The growth. You still think you can grow other income?

Péter Csányi
CEO, OTP Bank

Yes, yes.

Simon Nellis
Managing Director, Citigroup

Okay.

Péter Csányi
CEO, OTP Bank

Not as much as last year.

Simon Nellis
Managing Director, Citigroup

Very clear. Thanks. Thanks a lot.

Péter Csányi
CEO, OTP Bank

Thank you.

Operator

Thank you so much. If you wish to ask a question, please use raise hand icon to indicate it. There's a question from Mehmet Sevim, J.P. Morgan Securities.

Mehmet Sevim
Executive Director and Head of CEEMEA Financials Equity Research, JPMorgan Securities

Hi again. Thanks very much for taking my follow-up question. Just on the Russian bond book, I see a small portion was matured this quarter and you received a repayment or at least are in the process of it, and you've then released some provisions related to it.

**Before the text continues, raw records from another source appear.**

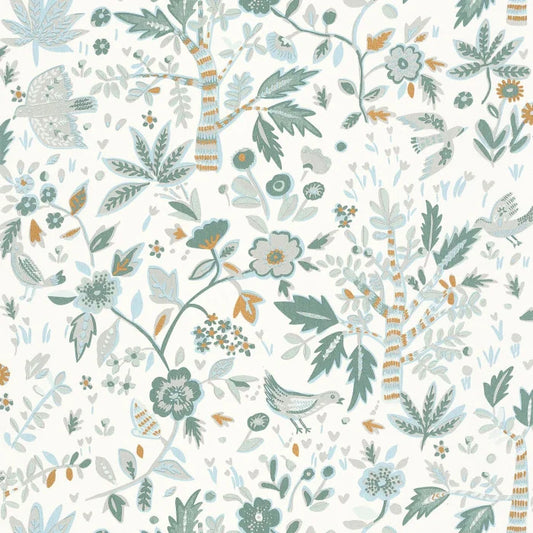 Echappee Vinyl Wallpaper - Vert Opaline - Discontinuing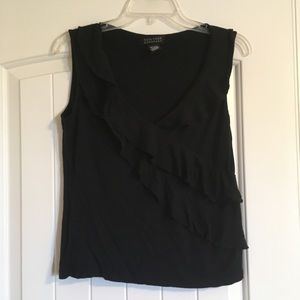 Black ruffle tank
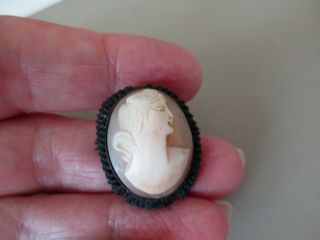 Antique Vintage Edwardian Carved Shell Cameo Silver Fob Charm Pendant Art Deco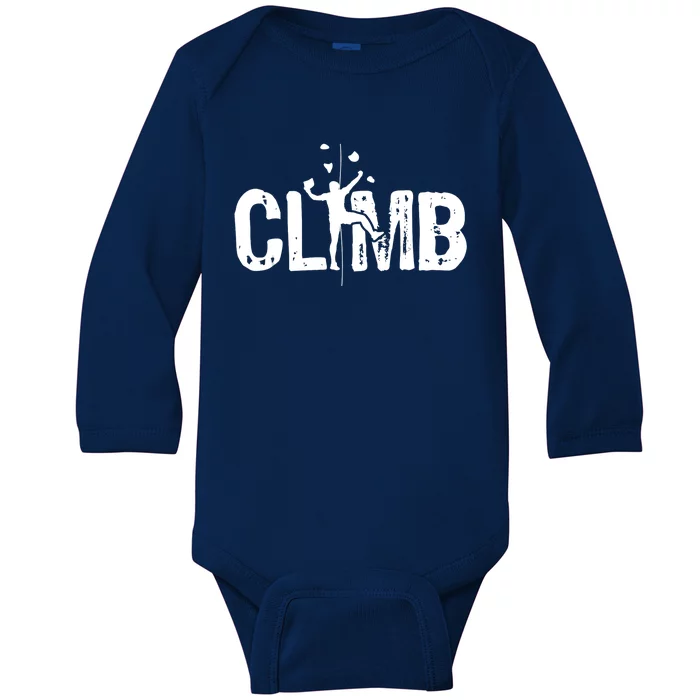 Climb Bouldering Wall Climber Rock Climbing Mountaineer Baby Long Sleeve Bodysuit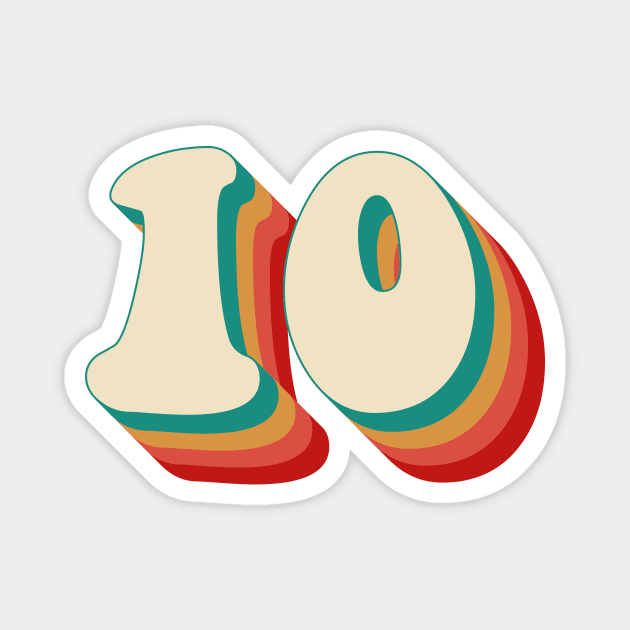 Number 10 Magnet by n23tees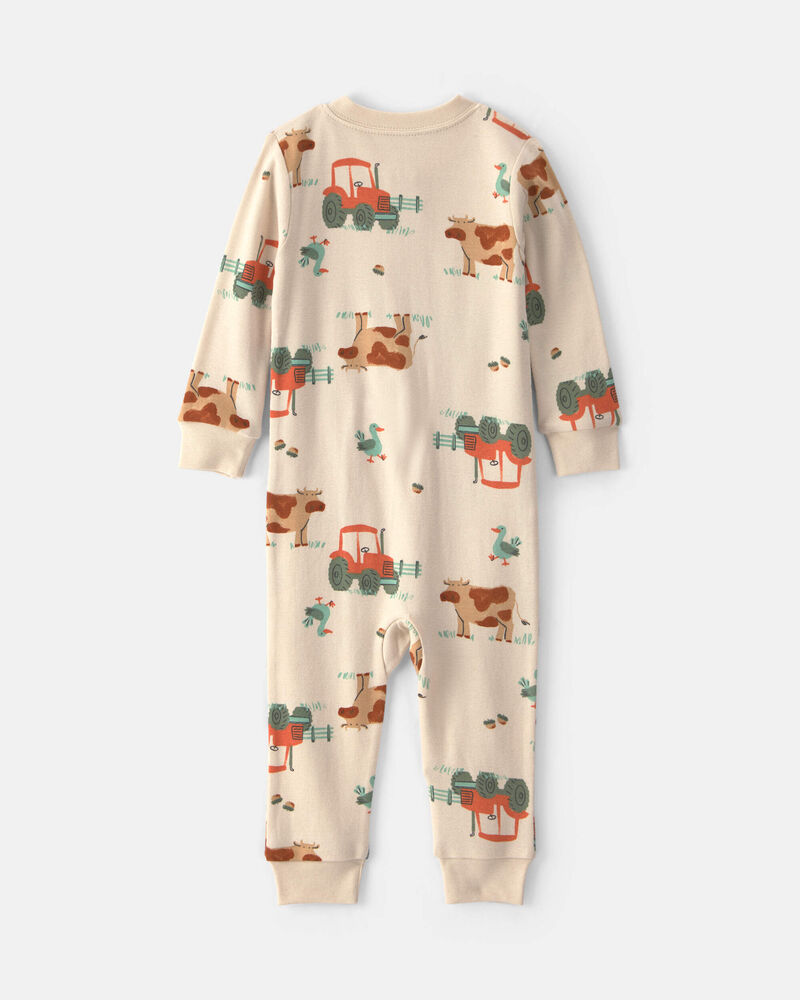 Baby Boy 1-Piece Farm 2-Way Zip 100% Cotton Snug Fit Pyjama - Cream, image 2 of 6 slides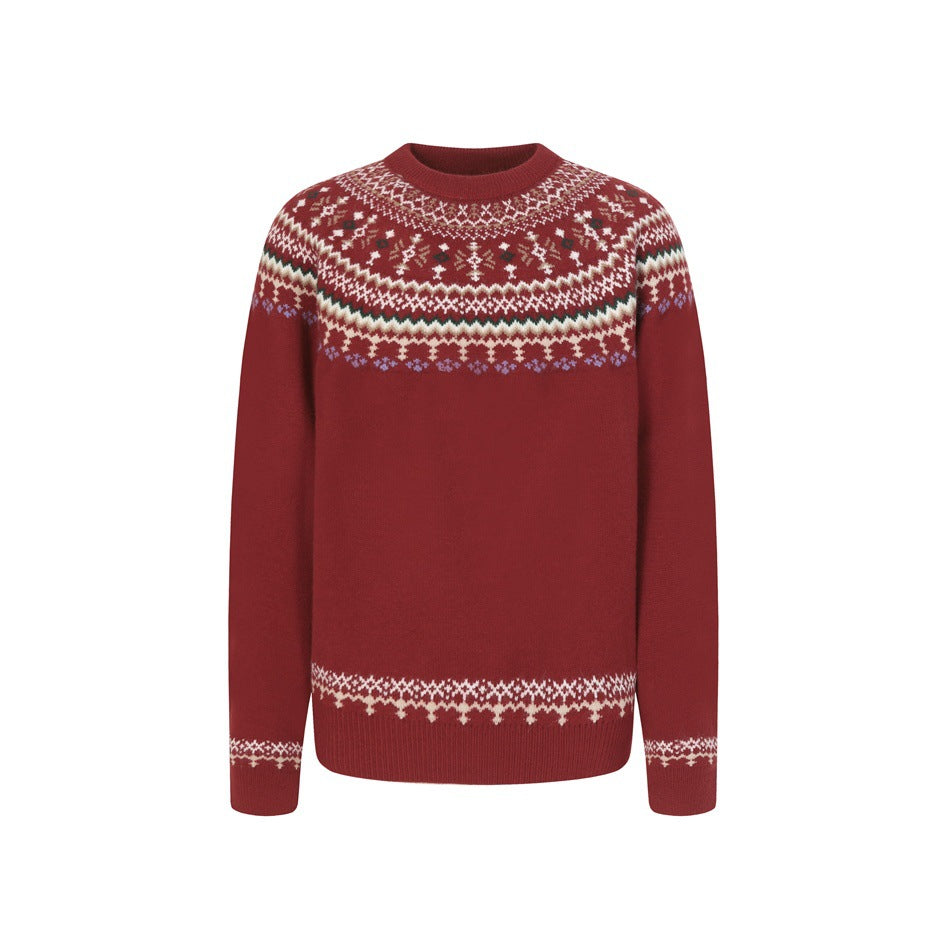 Burgundy crew-neck knit sweater with Fair Isle patterned yoke, hem and cuffs, front view on white background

Could you please guide on the maturity profile of the remaining book? As these mature, would you then expect also the corresponding provisions to be released as well? Thank you.

László Bencsik
Chief Financial and Strategic Officer, OTP Bank

It's László speaking. On the presentation, the last slide page 33, you can see the maturity profile. We are going to have another $29 million maturing this year and then the rest up until 2029. Indeed as we say in the text here, there was a maturity in December, EUR 63 million matured, and we actually the equivalent amount in ruble was paid to our accounts. There's a kind of formal procedure to go through the Hungarian courts . They have to give a kind of green light to utilize these funds and that takes some time, it has been done before and there doesn't seem to be any issue with that.

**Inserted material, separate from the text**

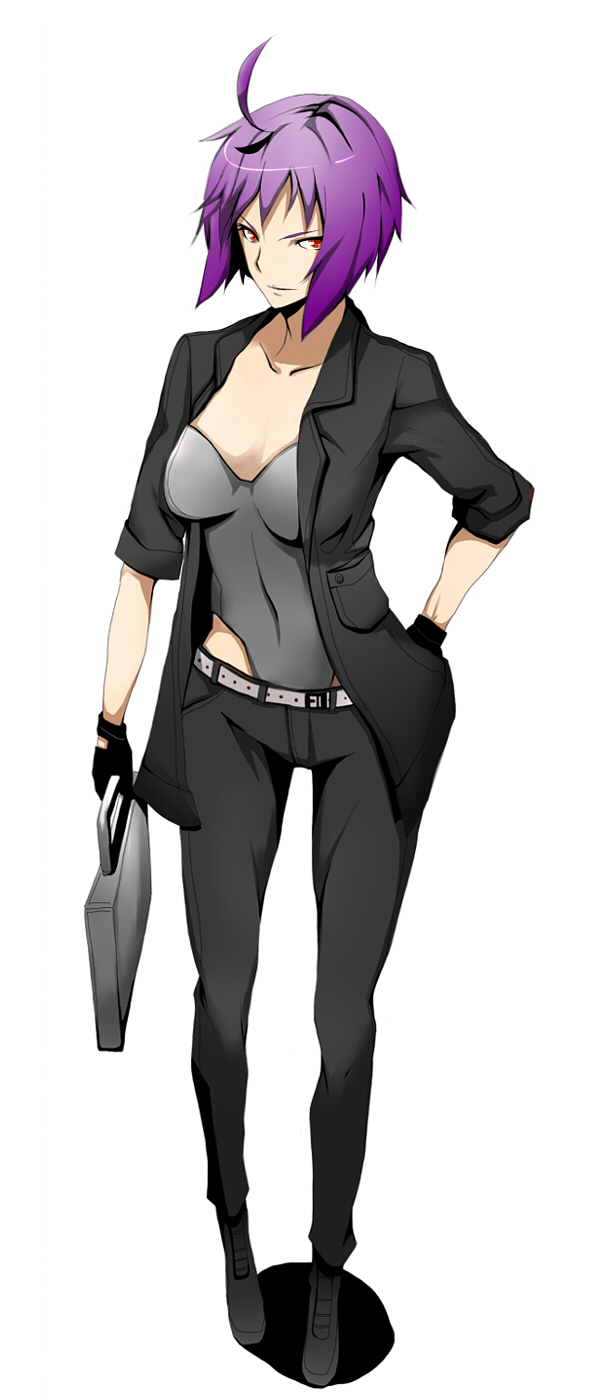 1girl, ahoge, belt, boots, briefcase, female_focus, fingerless_gloves, full_body, ghost_in_the_shell, ghost_in_the_shell:_stand_alone_complex, gloves, hand_on_own_hip, highres, hip_focus, holding, jacket, kusanagi_motoko, leotard, long_image, purple_hair, red_eyes, short_hair, simple_background, solo, standing, taka-shiro, takashiro_(takashiro_factory), tall_image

Very soon we should have access to these funds and that means that we can kind of should then and already the situation is such that we are revisiting the provision levels, the required provision levels in general for these bonds, because now we have a precedent that actually principal repayment happens. We have to discuss that with the supervisor because as you may remember, we substantially increased the coverage ratio on these bonds due to our request from the Hungarian National Bank, from our supervisors. There will be a discussion pretty soon with the Hungarian National Bank in light of the recent positive developments. I think at the end of the first quarter, the results of that discussion will be manifest.

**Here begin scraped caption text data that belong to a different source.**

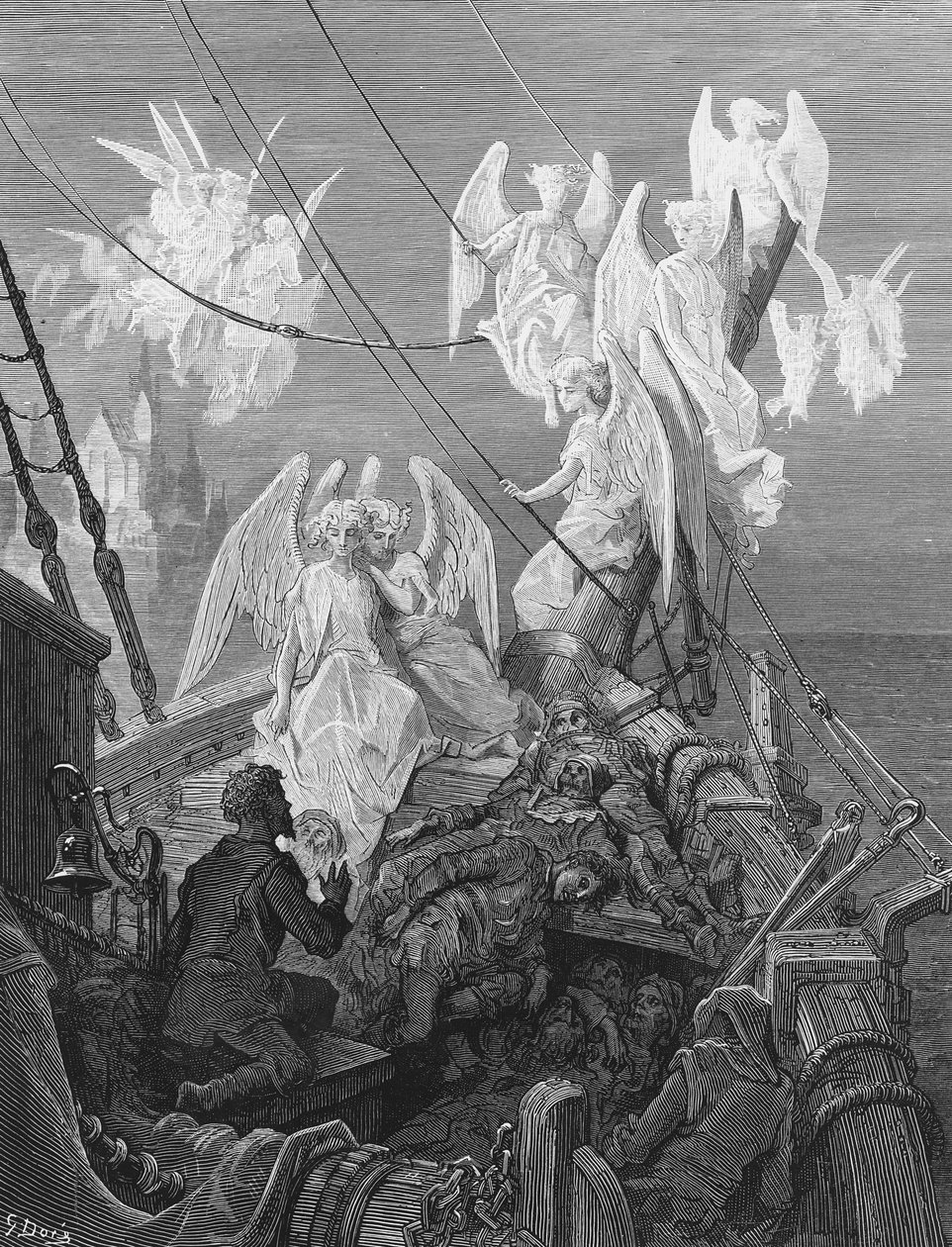يرى البحارة فرقة الأرواح الملائكية ، مشهد من "The Rime of the Ancient Mariner" بواسطة ST Coleridge ، نشره Harper und Brothers ، نيويورك ، 1876 (نقش الخشب) بواسطة غوستاف دور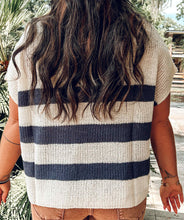 Striped Dolman Boxy Top | Navy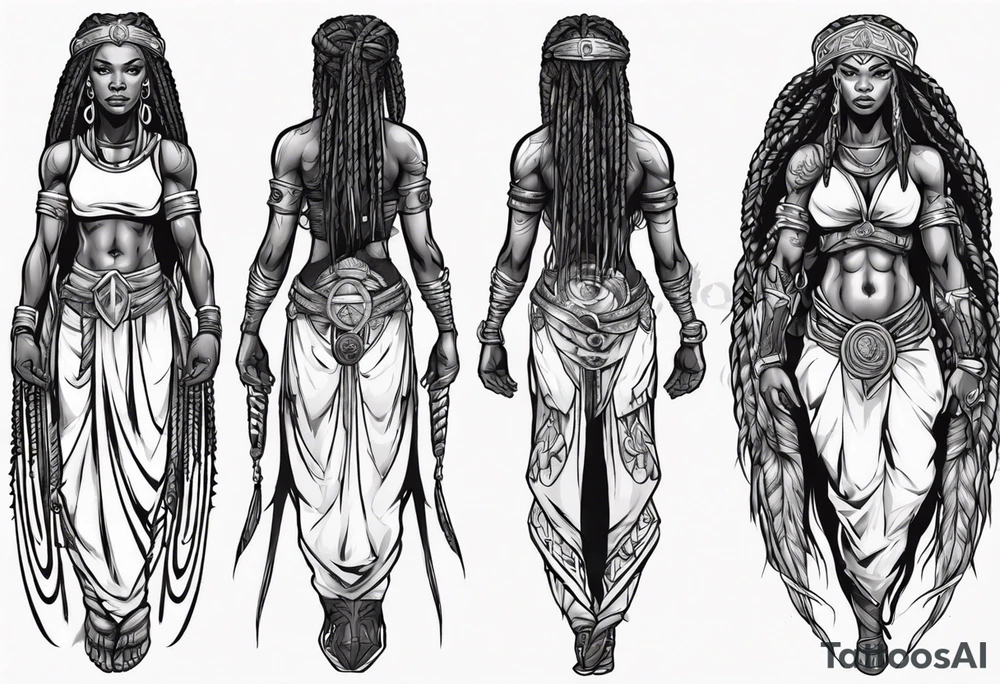 African female Viking warrior full body angelic
slim long face long braided hair descending from heaven tattoo idea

Pretty much with the exception of I mean if all of these bonds are repaid, then only HUF 11 billion remains which matured before September 23. Those are the bonds which are at Euroclear and pretty much locked. That's like out of this HUF 91 billion provision, that's like HUF 10 billion is related to those bonds. Everything beyond that should this repayment continue, and we don't have any reason to assume that they don't continue, could be released over time.

Mehmet Sevim
Executive Director and Head of CEEMEA Financials Equity Research, JPMorgan Securities

That's great. Thank you, László.

Operator

Thank you so much. If you wish to ask a question, please use raise hand icon to indicate it. Yes. There is a follow-up question from Simon Nellis, Citigroup.

Simon Nellis
Managing Director, Citigroup

Hi. Yeah, just on the last topic. When are the maturities? I mean, how rapidly would you expect the bonds to be paid back and the provisions released? Thanks.

Péter Csányi
CEO, OTP Bank

On this page 33 of the presentation. We didn't present them, but these are in the appendix and now you can actually see it on the screen.

Simon Nellis
Managing Director, Citigroup

Till 29. I see. I see. Thank you. Sorry, I missed that.

Péter Csányi
CEO, OTP Bank

The exact days, yes.

Simon Nellis
Managing Director, Citigroup

Yes. Thank you.

Operator

Thank you. If you have a question for our speakers, please use the raise hand icon to indicate it. As there are no further questions, I hand back to the speakers.

Péter Csányi
CEO, OTP Bank

Well, Thank you very much all for participating. I hope you found the presentation and kind of the explanations useful. As always, if you have any follow-up questions after this call, feel free to email us or call the numbers displayed on this page. Happy to meet some of you in person in London and as part of the Morgan Stanley organized road show that we will be doing. With that, I wish you all a very happy weekend. Thank you.

Operator

Thank you for your participation. The conference is closed now. Goodbye.